Levi’s, the iconic denim brand, has made a big move by agreeing to sell Dockers to Authentic Brands Group for a whopping $311 million. This deal means that Authentic will have ownership of Dockers’ intellectual property, while Centric Brands will handle the day-to-day operations. Levi’s is set to potentially earn up to $391 million in the future based on how well Dockers performs under Authentic’s umbrella, which also includes other popular brands like Reebok and Nautica.
Why did Levi’s decide to sell Dockers in the first place? Well, it all comes down to strategic priorities. Levi’s CEO Michelle Gass explained that the sale aligns with their focus on direct-to-consumer sales, expanding internationally, and investing in women’s and denim lifestyle opportunities. Dockers, a brand created by Levi’s in 1986 to offer an alternative to denim with khakis, was once a hit in the 90s and 2000s. But as trends shifted and denim made a comeback, khakis fell out of fashion in the U.S., leading Levi’s to reevaluate its portfolio.

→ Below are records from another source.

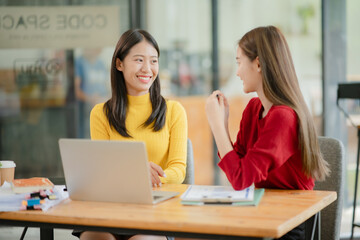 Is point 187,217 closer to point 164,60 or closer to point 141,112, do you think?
point 141,112

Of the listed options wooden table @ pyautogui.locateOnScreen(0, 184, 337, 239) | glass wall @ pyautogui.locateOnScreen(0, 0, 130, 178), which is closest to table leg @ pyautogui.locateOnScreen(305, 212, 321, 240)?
wooden table @ pyautogui.locateOnScreen(0, 184, 337, 239)

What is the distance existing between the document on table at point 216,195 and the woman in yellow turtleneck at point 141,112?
1.67 ft

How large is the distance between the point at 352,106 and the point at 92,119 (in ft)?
8.56

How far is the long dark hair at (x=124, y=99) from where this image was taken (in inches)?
102

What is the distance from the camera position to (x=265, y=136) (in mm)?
1938

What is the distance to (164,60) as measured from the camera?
467 cm

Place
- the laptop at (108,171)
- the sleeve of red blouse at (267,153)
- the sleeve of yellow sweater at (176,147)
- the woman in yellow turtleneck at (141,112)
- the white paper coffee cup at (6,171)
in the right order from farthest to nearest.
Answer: the woman in yellow turtleneck at (141,112)
the sleeve of yellow sweater at (176,147)
the white paper coffee cup at (6,171)
the sleeve of red blouse at (267,153)
the laptop at (108,171)

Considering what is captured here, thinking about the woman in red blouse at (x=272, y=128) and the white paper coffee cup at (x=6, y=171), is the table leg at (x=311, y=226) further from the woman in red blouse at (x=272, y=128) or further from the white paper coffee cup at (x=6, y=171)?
the white paper coffee cup at (x=6, y=171)

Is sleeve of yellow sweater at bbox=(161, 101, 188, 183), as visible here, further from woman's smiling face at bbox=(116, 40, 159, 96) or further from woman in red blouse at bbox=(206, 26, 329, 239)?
woman in red blouse at bbox=(206, 26, 329, 239)

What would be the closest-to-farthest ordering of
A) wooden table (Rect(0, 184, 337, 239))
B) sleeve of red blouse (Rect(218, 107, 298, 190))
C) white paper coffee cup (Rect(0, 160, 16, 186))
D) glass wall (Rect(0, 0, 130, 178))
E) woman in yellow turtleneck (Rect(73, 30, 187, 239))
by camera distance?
wooden table (Rect(0, 184, 337, 239)) < sleeve of red blouse (Rect(218, 107, 298, 190)) < white paper coffee cup (Rect(0, 160, 16, 186)) < woman in yellow turtleneck (Rect(73, 30, 187, 239)) < glass wall (Rect(0, 0, 130, 178))

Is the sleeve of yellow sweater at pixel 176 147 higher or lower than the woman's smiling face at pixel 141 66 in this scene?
lower

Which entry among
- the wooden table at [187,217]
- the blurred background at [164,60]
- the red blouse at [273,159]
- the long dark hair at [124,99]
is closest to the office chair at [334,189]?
the red blouse at [273,159]

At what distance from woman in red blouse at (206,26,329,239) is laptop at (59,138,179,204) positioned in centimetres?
29

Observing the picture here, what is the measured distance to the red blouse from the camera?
191cm
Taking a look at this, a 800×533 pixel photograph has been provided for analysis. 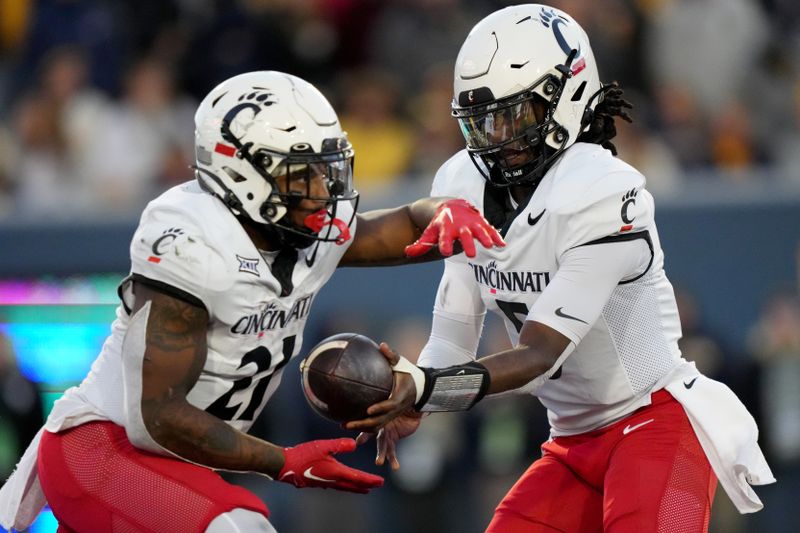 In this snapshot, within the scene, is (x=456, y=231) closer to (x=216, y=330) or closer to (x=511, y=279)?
(x=511, y=279)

The performance of Dockers was dragging down Levi’s overall results, and Gass, who took the reins just over a year ago, has been working to streamline the business and prioritize direct selling. By cutting off extraneous brands like Dockers, Levi’s aims to fuel growth and focus on what truly matters. In the past quarter, Dockers brought in $67 million in revenue for Levi’s, but with the brand struggling to keep up with changing consumer preferences, it was time for a change. Authentic Brands Group saw potential in Dockers, especially in international markets where the brand still holds appeal. This strategic fit led to the acquisition and plans for global expansion.